═════ Given data ═════

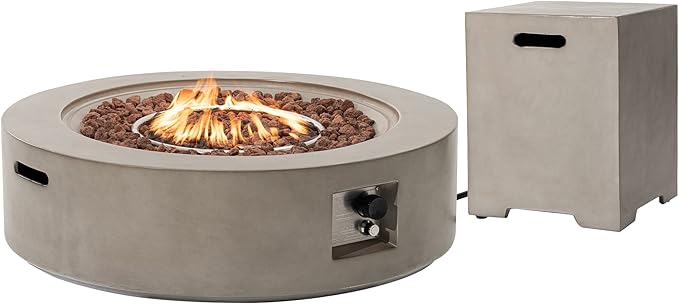 SUNBURY Outdoor 42 Inch Propane Fire Pit Table, Circular Gray Patio Fire Table 50,000 BTU w 20 lbs Tank Cover, Waterproof Cover, Free Lava Rocks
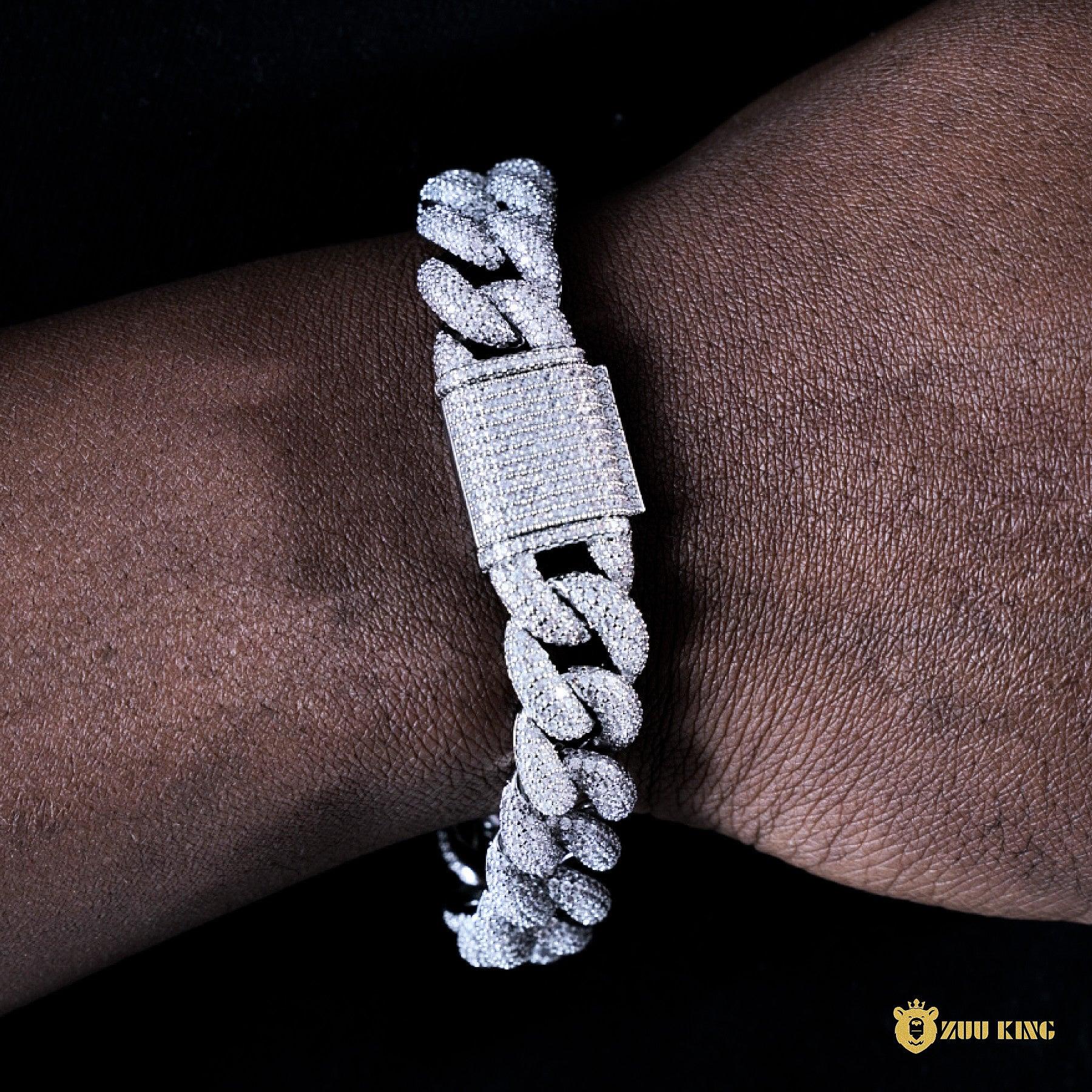 15mm 5-row Iced Cuban Bracelet In 18k White Gold ZUU KING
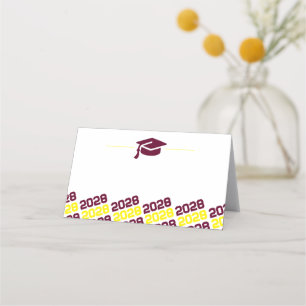 Burgundy & Yellow Graduation Folding Label, Food Place Card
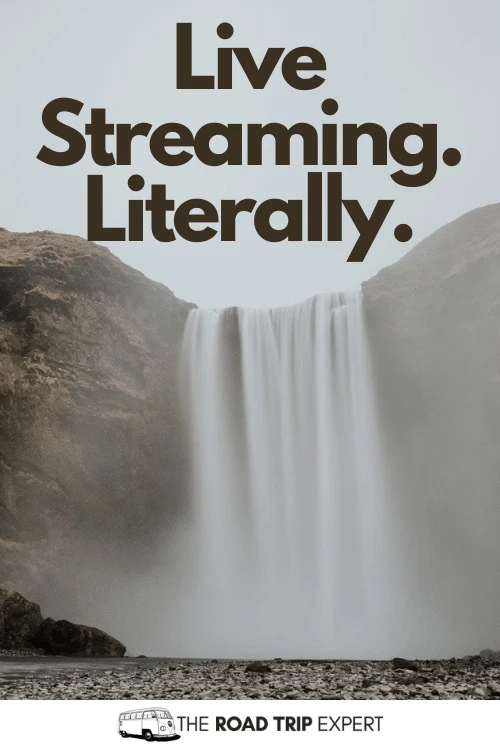 captions about waterfalls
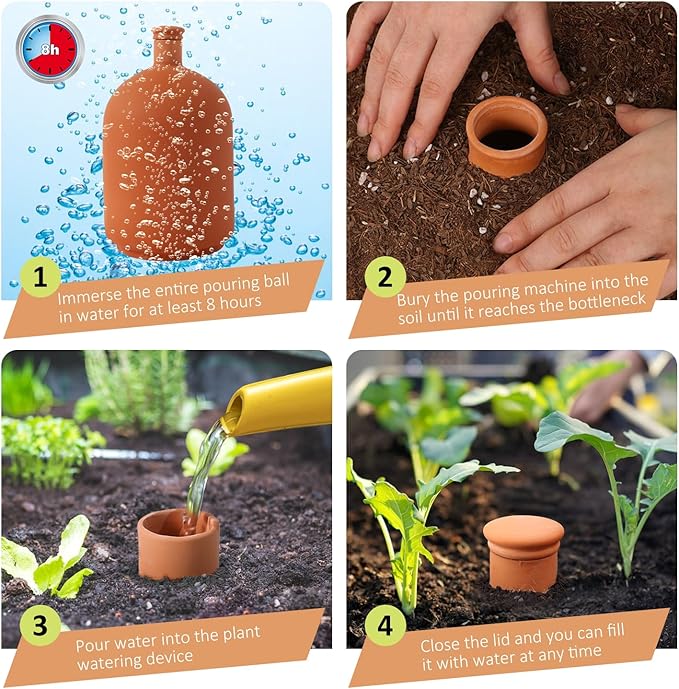 2pcs 10×6×6inch Plant Watering Globes Ollas Terra Cotta Watering Pots 110 oz Terracotta Watering Spikes Self Watering Planter Watering Pot with Lid for Outdoor & Indoor Plants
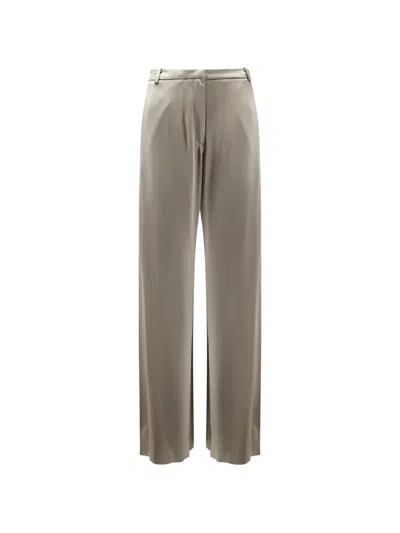 Alysi Rear Welt-pocket Palazzo Pants In Gray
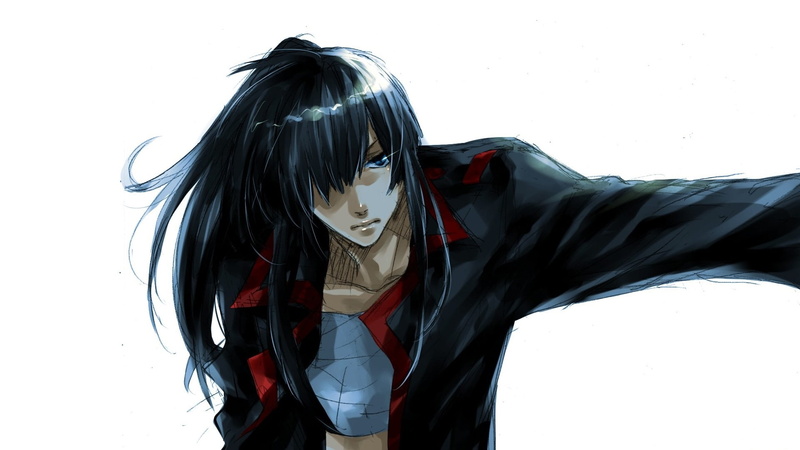 bangs, Yu In The Blood, D Gray-man, guy, costume, long hair, 1080P, white background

═════

Your instructions: The answer must be an exact copy of the lines from the one that holds "captions about waterfalls" through the end of the data, both included, with no pictures.

Solution for this task:
 captions about waterfalls
 2pcs 10×6×6inch Plant Watering Globes Ollas Terra Cotta Watering Pots 110 oz Terracotta Watering Spikes Self Watering Planter Watering Pot with Lid for Outdoor & Indoor Plants
 Alysi Rear Welt-pocket Palazzo Pants In Gray
 bangs, Yu In The Blood, D Gray-man, guy, costume, long hair, 1080P, white background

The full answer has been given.